PM, President mark Wujek coal pit massacre

Hanna Bardo/PAP

PM Mateusz Morawiecki on Monday in Katowice, southern Poland, commemorated the 38th anniversary of the December 1981 Wujek massacre, in which communist riot police killed nine protesting miners in the city's Wujek coal mine.

Speaking at the ceremony, Morawiecki said Poland reflected the staunch will of the Poles to fight for a better tomorrow, freedom and solidarity. He added that the Wujek killings destroyed the Poles' freedom dreams, inspired by the 1980-81 rise of the anti-communist Solidarity Union.

"On that memorable day on which the communist regime struck out at Solidarity, it struck out at our dreams for a free Poland.

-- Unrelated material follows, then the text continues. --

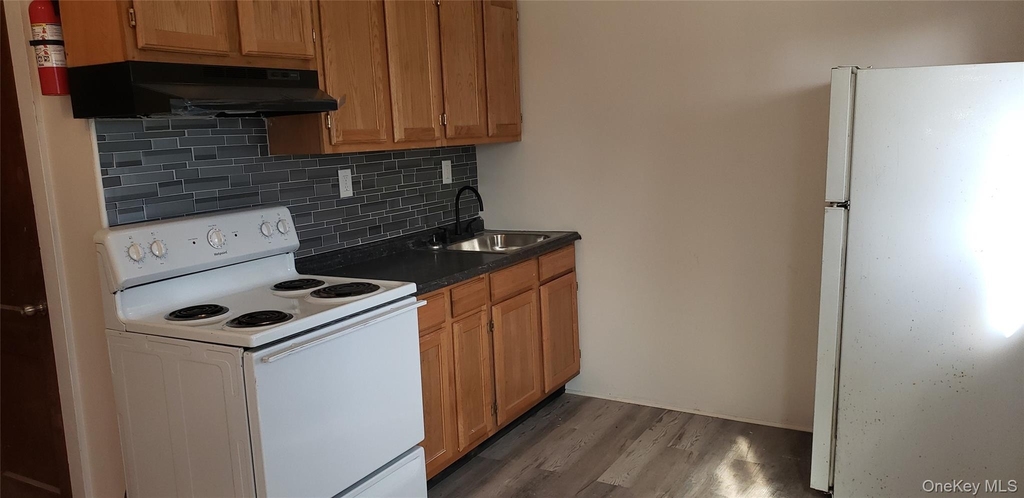 42 Hillside Avenue - Photo 1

We say that that was when the Solidarity festival ended," Morawiecki said.

Morawiecki said that the Wujek miners opposed a heavily armed communist side with only pickaxes, chains and screws, but possessed the courage to fight for their dreams of a better tomorrow.

In a letter written for the occasion, President Andrzej Duda wrote that the events in the Wujek pit marked the communist regime's biggest crime during the martial law years, and was the site "of a huge sacrifice in the name of freedom and solidarity."

In his letter, Duda said that the Wujek riots broke out when Solidarity unionists stood up in defence of an arrested colleague, and gave rise to numerous protests in industrial plants countrywide.

"Let these commemorations strengthen our will to serve the Polish people and our values, thanks to which it has survived so many adversities," Duda wrote.

On December 16, 1981, three days after the imposition of martial law in Poland by the country's communist authorities, a strike in Katowice's Wujek coal mine was brutally suppressed by armoured riot police units. Nine miners were killed in the clashes.